FasterXML / jackson-dataformats-binary

Uber-project for standard Jackson binary format backends: avro, cbor, ion, protobuf, smile
Apache License 2.0
310 stars 133 forks source link

Fix getNullValue of IonValueDeserializer. #319

Closed atokuzAmzn closed 2 years ago

atokuzAmzn commented 2 years ago

This PR aims to resolve the issues https://github.com/FasterXML/jackson-dataformats-binary/issues/317 and https://github.com/FasterXML/jackson-dataformats-binary/issues/318

Changes:

  1. Do not call getEmbeddedObject when current token is END_OBJECT
  2. Make sure java nulls are deserialized correctly
  3. Update unit test case with nulls
atokuzAmzn commented 2 years ago

@cowtowncoder Can you add @popematt as reviewer?

atokuzAmzn commented 2 years ago

This is technically a backwards-incompatible change that you're introducing, which means that it can't be merged into in any 2.x branch.

Actually what I am proposing is to fix backward compatibility.

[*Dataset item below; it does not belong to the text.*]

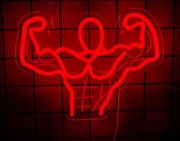 NEON  SIŁOWNIA SZTANGA SZYLD KULTURYSTYKA GYM LED USB BICEPS 3 KOLORY 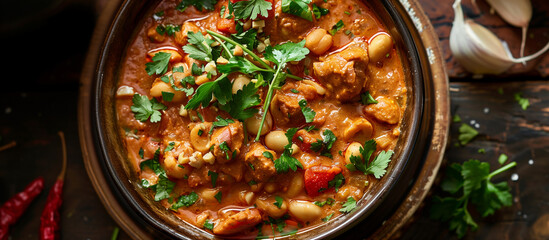  a close-up of a savory peanut stew, garnished with fresh cilantro, featuring chunks of meat, tomatoes, and peanuts in a rich sauce. - obrazy, fototapety, plakaty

After https://github.com/FasterXML/jackson-dataformats-binary/pull/296, 2.13 already became incompatible.

Just take this simple test case below. This test succeeds in 2.12 but right now it fails in 2.13. If we had a test case like this in 2.12 this would have been caught.

    @Test
    public void shouldBeAbleToDeserializeJavaNullValue() throws Exception {
        IonValueData source = new IonValueData();
        source.put("c", null);

        IonValue data = ION_VALUE_MAPPER.writeValueAsIonValue(source);
        IonValueData result = ION_VALUE_MAPPER.readValue(data, IonValueData.class);

        assertEquals(source, result);
    }

The problem defined in issue https://github.com/FasterXML/jackson-dataformats-binary/issues/295 was about null.structs not being deserialized correctly. Definitely this was a miss and should have been fixed but while fixing the issue we shouldn't have broken the java null deserialization. With this proposal both null.structs (etc) and java nulls will be deserialized correctly.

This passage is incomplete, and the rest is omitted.